> Directions
The entries follow. Copy every line in which "simply" appears.

+++ Provided records

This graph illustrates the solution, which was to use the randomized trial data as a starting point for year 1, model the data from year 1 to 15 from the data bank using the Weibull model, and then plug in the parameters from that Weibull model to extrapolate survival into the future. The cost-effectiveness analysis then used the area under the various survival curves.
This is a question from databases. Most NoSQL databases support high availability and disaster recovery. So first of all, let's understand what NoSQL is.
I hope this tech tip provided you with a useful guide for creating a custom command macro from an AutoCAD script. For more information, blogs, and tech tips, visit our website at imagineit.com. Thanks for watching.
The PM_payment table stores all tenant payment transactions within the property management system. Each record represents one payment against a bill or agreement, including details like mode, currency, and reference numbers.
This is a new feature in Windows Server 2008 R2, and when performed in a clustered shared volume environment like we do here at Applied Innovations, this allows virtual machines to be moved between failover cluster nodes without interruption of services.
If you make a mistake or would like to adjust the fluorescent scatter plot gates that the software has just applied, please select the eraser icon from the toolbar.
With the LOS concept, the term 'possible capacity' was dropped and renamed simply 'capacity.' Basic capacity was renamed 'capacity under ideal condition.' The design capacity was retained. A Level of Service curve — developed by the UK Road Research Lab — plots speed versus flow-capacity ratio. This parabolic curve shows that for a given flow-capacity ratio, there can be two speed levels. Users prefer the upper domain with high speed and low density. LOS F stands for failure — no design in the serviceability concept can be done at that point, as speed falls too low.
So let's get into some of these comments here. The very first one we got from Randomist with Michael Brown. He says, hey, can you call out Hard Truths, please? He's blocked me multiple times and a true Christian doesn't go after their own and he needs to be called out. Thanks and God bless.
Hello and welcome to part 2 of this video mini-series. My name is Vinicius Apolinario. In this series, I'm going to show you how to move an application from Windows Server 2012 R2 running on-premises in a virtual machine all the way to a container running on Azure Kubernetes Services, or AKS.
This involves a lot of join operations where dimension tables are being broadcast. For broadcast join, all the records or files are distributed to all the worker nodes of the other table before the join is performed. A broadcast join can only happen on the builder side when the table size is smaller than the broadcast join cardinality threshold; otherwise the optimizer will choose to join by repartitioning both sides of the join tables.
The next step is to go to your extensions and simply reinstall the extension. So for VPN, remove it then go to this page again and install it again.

++++++
+++ Provided records

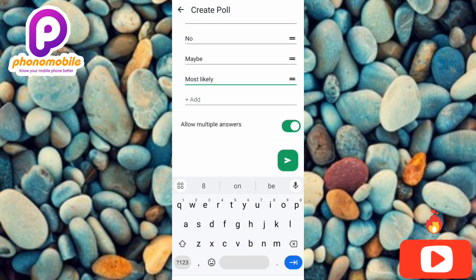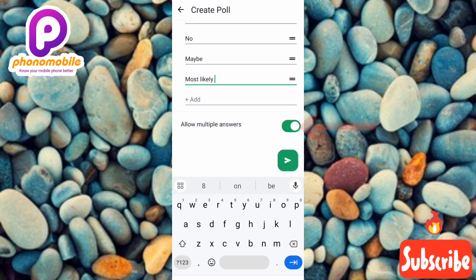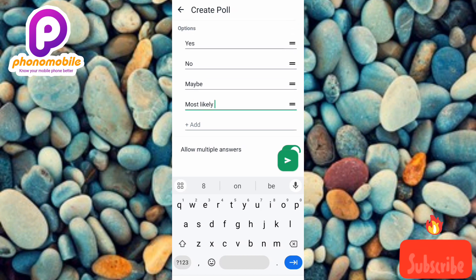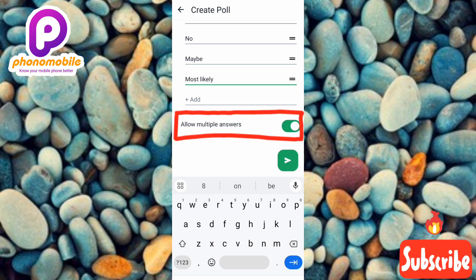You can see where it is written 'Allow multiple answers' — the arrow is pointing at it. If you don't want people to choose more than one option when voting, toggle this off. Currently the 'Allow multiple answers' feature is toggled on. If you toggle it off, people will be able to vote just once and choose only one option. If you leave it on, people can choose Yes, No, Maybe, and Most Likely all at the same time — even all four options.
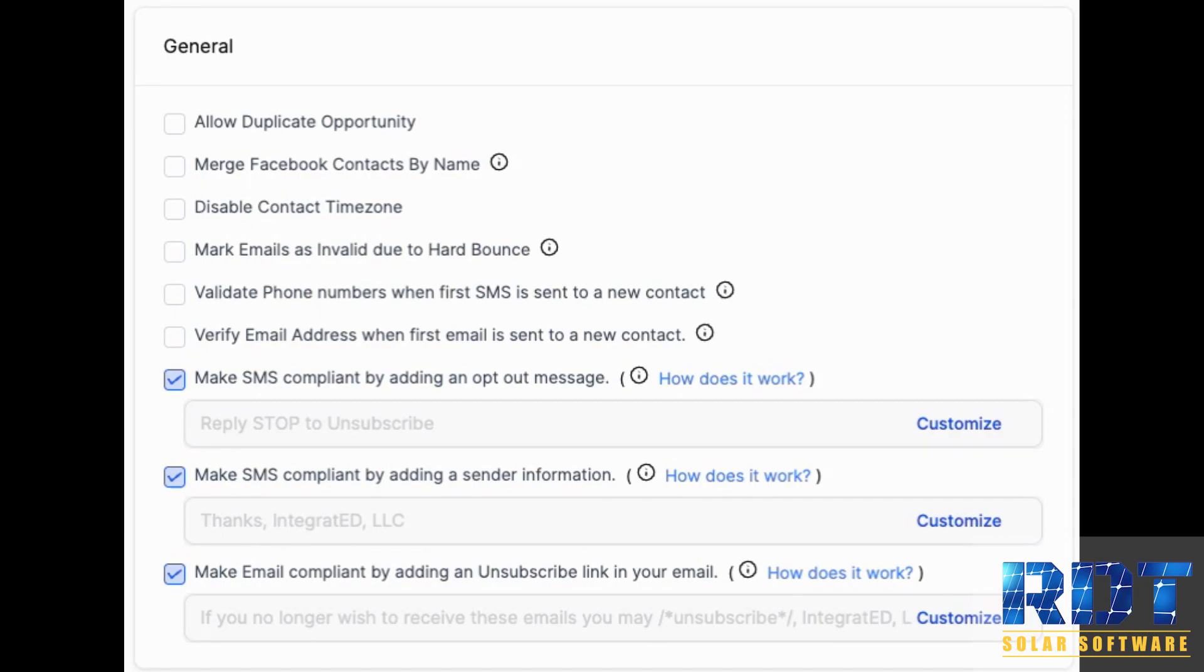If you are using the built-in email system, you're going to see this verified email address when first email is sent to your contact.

++++++

> Exercise response
With the LOS concept, the term 'possible capacity' was dropped and renamed simply 'capacity.' Basic capacity was renamed 'capacity under ideal condition.' The design capacity was retained. A Level of Service curve — developed by the UK Road Research Lab — plots speed versus flow-capacity ratio. This parabolic curve shows that for a given flow-capacity ratio, there can be two speed levels. Users prefer the upper domain with high speed and low density. LOS F stands for failure — no design in the serviceability concept can be done at that point, as speed falls too low.
The next step is to go to your extensions and simply reinstall the extension. So for VPN, remove it then go to this page again and install it again.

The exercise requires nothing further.